As regards operating leasing, the answer is clear: the purpose of an agreement is to rent a car for a specified period of time. Financial elements are secondary and cannot, in themselves, lead to operating leasing being classified as a financial service.

44.

As a final, but important, remark, I should like to stress that it is, in this connection, immaterial whether, as is argued by the Agency, the lessor acquires the car at the behest of the lessee. This is typical for any type of leasing and has no bearing on whether or not a transaction constitutes a financial service.

45.

In conclusion, operating leasing does not constitute a financial service. It therefore follows that it does not have to be a ‘financial institution’, within the meaning of Article 4(1)(26) of Regulation No 575/2013, which offers such services. ( 19 )

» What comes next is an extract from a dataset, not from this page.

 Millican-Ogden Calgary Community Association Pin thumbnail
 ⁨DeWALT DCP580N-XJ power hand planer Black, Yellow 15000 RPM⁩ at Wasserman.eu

3. Proposed reply to question 1

46.

In conclusion, I propose that the answer to the first question should be that operating leasing does not constitute a ‘financial service’ within the meaning of Article 2(2)(b) of Directive 2006/123; it therefore falls within the scope of that directive.

B.   Questions 2 and 3

47.

By its second question, the referring court seeks, in essence, to ascertain whether Articles 9 to 13 of Directive 2006/123 or Article 49 TFEU are to be interpreted as precluding the requirement of a prior authorisation in order to carry out the activity of operating leasing. The third question focuses on a situation where a company from one Member State wishes to provide the services of operating leasing in another Member State through a subsidiary.

48.

I shall deal with the questions jointly, given that the legal analysis is the same. Indeed, pursuant to settled case-law of the Court, the provisions of Chapter III of Directive 2006/123, on freedom of establishment of service providers, ( 20 ) must be interpreted as meaning that they apply not only to a cross-border situation but also to a situation where all the relevant elements are confined to a single Member State. ( 21 )

49.

By its second question, the referring court seeks, in essence, to ascertain whether Articles 9 to 13 of Directive 2006/123 and Article 49 TFEU preclude national provisions such as those of the Leasing Law applicable in the main proceedings, which treat providers of operating leasing and long-term vehicle leasing services as providers of financial services and therefore as financial institutions, and in particular the requirement of prior authorisation by the Agency.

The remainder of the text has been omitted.